Retour à la normale à la Grande Bibliothèque

Tous les services offerts au public ont repris leur cours normal à la Grande Bibliothèque du Québec (GBQ), dont le sous-sol a été inondé vendredi matin dernier à cause des fortes pluies.

Moins de 100 documents ont été abîmés. Un grand ménage reste toutefois à faire dans la salle de tri des documents où transitent en masse les livres empruntés et retournés. D'ici là, les documents sont triés manuellement et vont directement des rayons au comptoir de prêt et vice-versa.

«Tout est rentré dans l'ordre, indiquait hier au Devoir Ghislain Roussel, secrétaire général de Bibliothèque et Archives nationales du Québec, institution responsable de la GBQ. Les planchers ont été refermés, l'espace jeune est ouvert pour tous les services.»

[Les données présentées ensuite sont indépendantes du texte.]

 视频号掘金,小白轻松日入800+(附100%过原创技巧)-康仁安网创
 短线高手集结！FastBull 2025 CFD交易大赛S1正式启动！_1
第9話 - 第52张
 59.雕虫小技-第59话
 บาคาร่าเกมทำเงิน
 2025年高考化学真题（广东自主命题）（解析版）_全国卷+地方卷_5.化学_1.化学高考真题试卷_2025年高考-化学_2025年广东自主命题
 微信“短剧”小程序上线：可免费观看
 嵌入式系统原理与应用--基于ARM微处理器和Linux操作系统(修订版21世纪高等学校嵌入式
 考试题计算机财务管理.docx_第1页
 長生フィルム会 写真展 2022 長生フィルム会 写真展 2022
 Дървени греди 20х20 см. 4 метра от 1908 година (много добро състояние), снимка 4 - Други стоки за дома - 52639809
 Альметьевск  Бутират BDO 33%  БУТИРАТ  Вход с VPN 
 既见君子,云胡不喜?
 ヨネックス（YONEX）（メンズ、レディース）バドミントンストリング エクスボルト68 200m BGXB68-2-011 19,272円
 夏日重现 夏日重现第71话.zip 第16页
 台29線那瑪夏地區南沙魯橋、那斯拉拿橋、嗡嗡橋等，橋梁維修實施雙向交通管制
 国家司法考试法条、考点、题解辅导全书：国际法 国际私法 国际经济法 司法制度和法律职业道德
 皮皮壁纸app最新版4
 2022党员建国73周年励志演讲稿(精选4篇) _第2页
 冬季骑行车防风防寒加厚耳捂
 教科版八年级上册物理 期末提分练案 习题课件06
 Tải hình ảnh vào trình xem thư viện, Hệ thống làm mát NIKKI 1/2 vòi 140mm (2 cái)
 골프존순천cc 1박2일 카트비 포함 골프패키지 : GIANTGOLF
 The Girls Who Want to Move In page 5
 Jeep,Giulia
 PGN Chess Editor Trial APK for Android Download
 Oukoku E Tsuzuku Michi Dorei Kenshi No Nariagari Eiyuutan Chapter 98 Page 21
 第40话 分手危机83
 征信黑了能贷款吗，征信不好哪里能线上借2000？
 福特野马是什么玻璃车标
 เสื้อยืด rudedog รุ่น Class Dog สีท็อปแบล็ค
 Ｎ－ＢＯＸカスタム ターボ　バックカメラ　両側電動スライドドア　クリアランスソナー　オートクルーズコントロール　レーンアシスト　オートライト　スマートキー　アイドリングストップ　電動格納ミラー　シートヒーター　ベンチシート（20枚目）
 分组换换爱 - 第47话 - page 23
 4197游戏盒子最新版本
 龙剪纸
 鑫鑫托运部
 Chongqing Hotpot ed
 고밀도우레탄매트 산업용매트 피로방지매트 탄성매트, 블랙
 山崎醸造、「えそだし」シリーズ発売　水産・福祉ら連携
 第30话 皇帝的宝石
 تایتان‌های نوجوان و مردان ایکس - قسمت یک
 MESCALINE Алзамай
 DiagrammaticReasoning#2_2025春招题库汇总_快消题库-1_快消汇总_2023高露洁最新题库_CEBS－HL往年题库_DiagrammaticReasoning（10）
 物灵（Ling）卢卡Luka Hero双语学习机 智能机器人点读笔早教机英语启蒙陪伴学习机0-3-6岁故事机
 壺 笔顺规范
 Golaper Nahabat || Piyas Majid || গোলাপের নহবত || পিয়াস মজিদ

Selon M. Roussel, «quelques dizaines de documents» ont été endommagés. Il s'agit de documents «sans valeur particulière», CD, DVD et livres de prêt universel. «Aucun document d'archives n'a été touché», insiste-t-il, puisque ceux-ci se trouvent au centre de conservation, rue Holt. Le secrétaire général assure également que le traitement manuel des documents, en attendant la remise en fonction de la salle de tri, n'entraîne aucun délai pour les prêts des usagers.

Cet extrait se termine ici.